The Bianchi identities, ${R}_{\,n[{jk};l]}^{i}=2{R}_{\,{nm}[j}^{i}{S}_{\,{kl}]}^{m}$ and ${R}_{\,[{jkl}]}^{m}=-2{S}_{\,[{jk};l]}^{m}+4{S}_{\,n[j}^{m}{S}_{\,{kl}]}^{n}$, together with the Einstein and Cartan field equations, give the conservation laws for the canonical energy-momentum and spin tensors: ${T}_{\,:j}^{{ij}}={C}_{{jk}}^{\,i}{T}^{{jk}}+(1/2){s}_{{klj}}{R}^{{klji}}$ and ${s}_{{ij}\,;k}^{\,k}-2{S}_{{k}}{S}_{{ij}}^{\,{k}}={T}_{{ij}}-{T}_{{ji}}$ (Kibble 1961; Sciama 1962, 1964a, 1964b; Hehl 1971, 1973, 1974, 2014; Hehl & Datta 1971; Hehl et al. 1974, 1976; Lord 1976; de Sabbata & Gasperini 1985; de Sabbata & Sivaram 1994; Hammond 2002; Shapiro 2002; Popławski 2009). Using the Papapetrou method of multipole expansion for these laws (Mathisson 1937; Papapetrou 1951; Nomura et al. 1991) leads to the formulas for the macroscopic canonical energy-momentum and spin tensor of a spin fluid in the point-particle approximation (Popławski 2009, 2010b, 2013c). The canonical energy-momentum tensor of a spin fluid is given by (Hehl et al. 1974)
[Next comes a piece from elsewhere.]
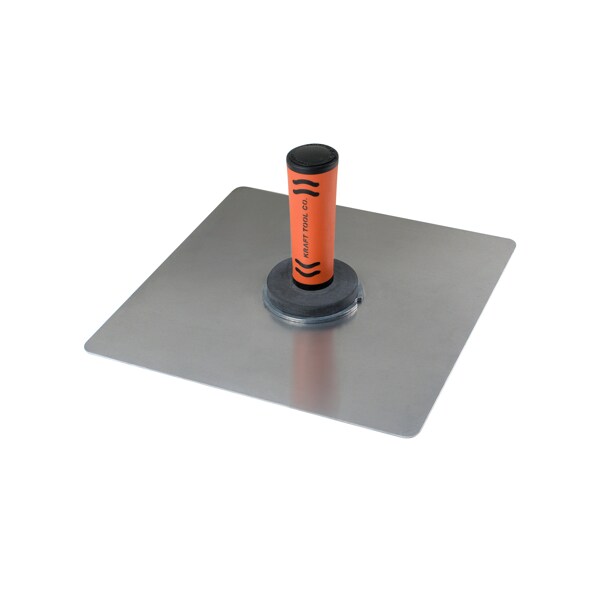 Magnesium Hawk w/Pr, 13-1/2" x 13-1/2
$$\begin{eqnarray}&&{\sigma }_{{ij}}=c{{\rm{\Pi }}}_{i}{u}_{j}-p({g}_{{ij}}-{u}_{i}{u}_{j}),\end{eqnarray} \tag{ 4 }$$

and its spin tensor by

$$\begin{eqnarray}&&{s}_{{ij}}^{\,k}={s}_{{ij}}{u}^{k},\,{s}_{{ij}}{u}^{j}=0,\end{eqnarray} \tag{ 5 }$$

where Π_i is the four-momentum density of the fluid, uⁱ its four-velocity, s_ij its spin density, and p its pressure. Substituting the macroscopic tensors into Equation (3) gives (Hehl et al. 1974; Kuchowicz 1978; Gasperini 1986; Brechet et al. 2008; Popławski 2010c, 2011a)
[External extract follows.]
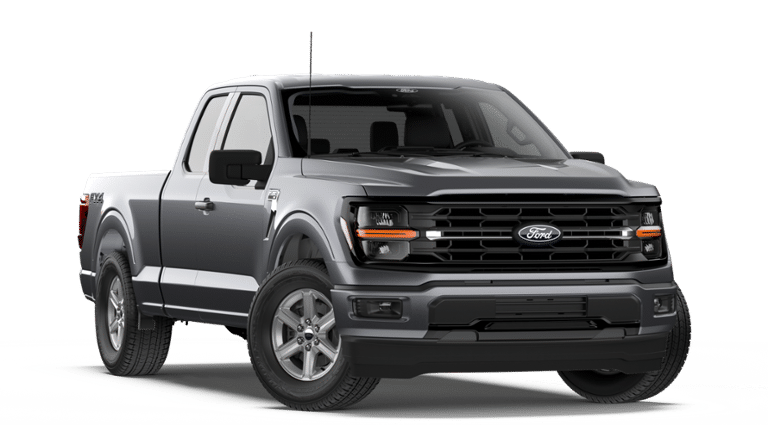 F-150® vehicle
$$\begin{eqnarray}{G}^{{ij}} & = & \kappa \left(\epsilon -\displaystyle \frac{1}{4}\kappa {s}^{2}\right){u}^{i}{u}^{j}-\kappa \left(p-\displaystyle \frac{1}{4}\kappa {s}^{2}\right)({g}^{{ij}}-{u}^{i}{u}^{j})\\ & & -\displaystyle \frac{1}{2}\kappa ({\delta }_{k}^{l}+{u}_{k}{u}^{l}){({s}^{{ki}}{u}^{j}+{s}^{{kj}}{u}^{i})}_{:l},\end{eqnarray} \tag{ 6 }$$

where $\epsilon =c{{\rm{\Pi }}}_{i}{u}^{i}$ is the rest energy density of the fluid, and

$$\begin{eqnarray}&&{s}^{2}=\displaystyle \frac{1}{2}{s}_{{ij}}{s}^{{ij}}\gt 0\end{eqnarray} \tag{ 7 }$$

is the square of the spin density.

If the spin orientation of particles in a spin fluid is random, then the last term on the right-hand side of Equation (6) vanishes after averaging. Thus, the Einstein–Cartan equations for such a spin fluid are equivalent to the Einstein equations for a perfect fluid with the effective energy density $\epsilon -\kappa {s}^{2}/4$ and the effective pressure $p-\kappa {s}^{2}/4$ (Hehl et al. 1974; Kuchowicz 1978; Gasperini 1986; Brechet et al. 2008; Popławski 2010c, 2011a). The square of the spin density for a fluid consisting of fermions with no spin polarization is given by (Nurgaliev & Ponomariev 1983; Gasperini 1986; Brechet et al. 2008)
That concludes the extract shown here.